▶ **Exercise requirements**: Every entry below must be retyped exactly, and the pictures must be left out.
● ● ● ● ● ● ●
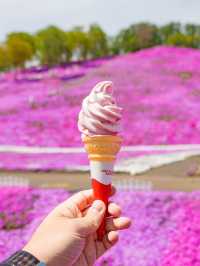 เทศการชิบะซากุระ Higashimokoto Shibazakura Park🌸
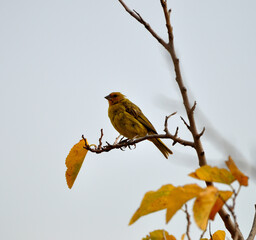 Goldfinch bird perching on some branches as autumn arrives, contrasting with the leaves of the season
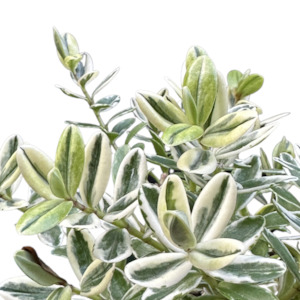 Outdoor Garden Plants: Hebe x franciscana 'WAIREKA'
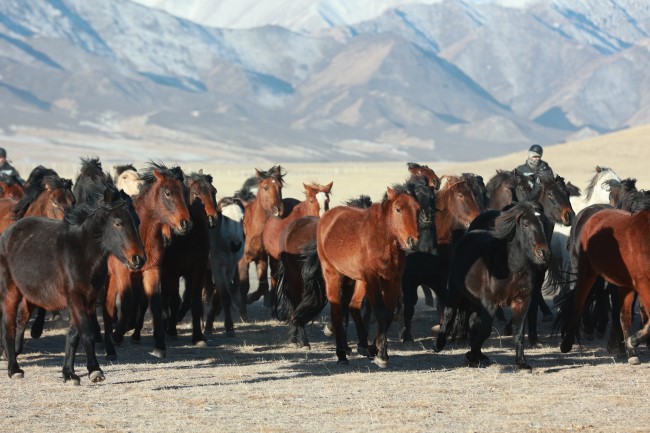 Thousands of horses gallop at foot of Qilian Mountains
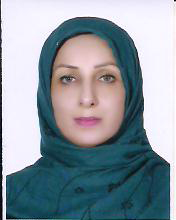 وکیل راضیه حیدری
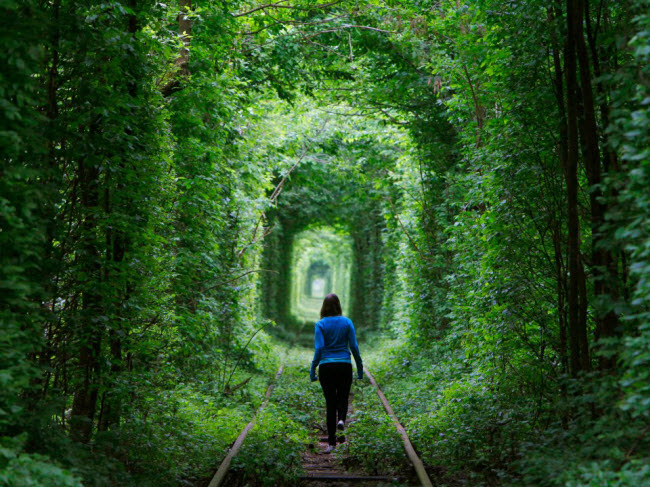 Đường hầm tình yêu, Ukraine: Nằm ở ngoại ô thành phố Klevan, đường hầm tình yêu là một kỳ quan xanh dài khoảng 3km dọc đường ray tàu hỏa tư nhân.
● ● ● ● ● ● ●
▶ **Answer area**:
 เทศการชิบะซากุระ Higashimokoto Shibazakura Park🌸
 Goldfinch bird perching on some branches as autumn arrives, contrasting with the leaves of the season
 Outdoor Garden Plants: Hebe x franciscana 'WAIREKA'
 Thousands of horses gallop at foot of Qilian Mountains
 وکیل راضیه حیدری
 Đường hầm tình yêu, Ukraine: Nằm ở ngoại ô thành phố Klevan, đường hầm tình yêu là một kỳ quan xanh dài khoảng 3km dọc đường ray tàu hỏa tư nhân.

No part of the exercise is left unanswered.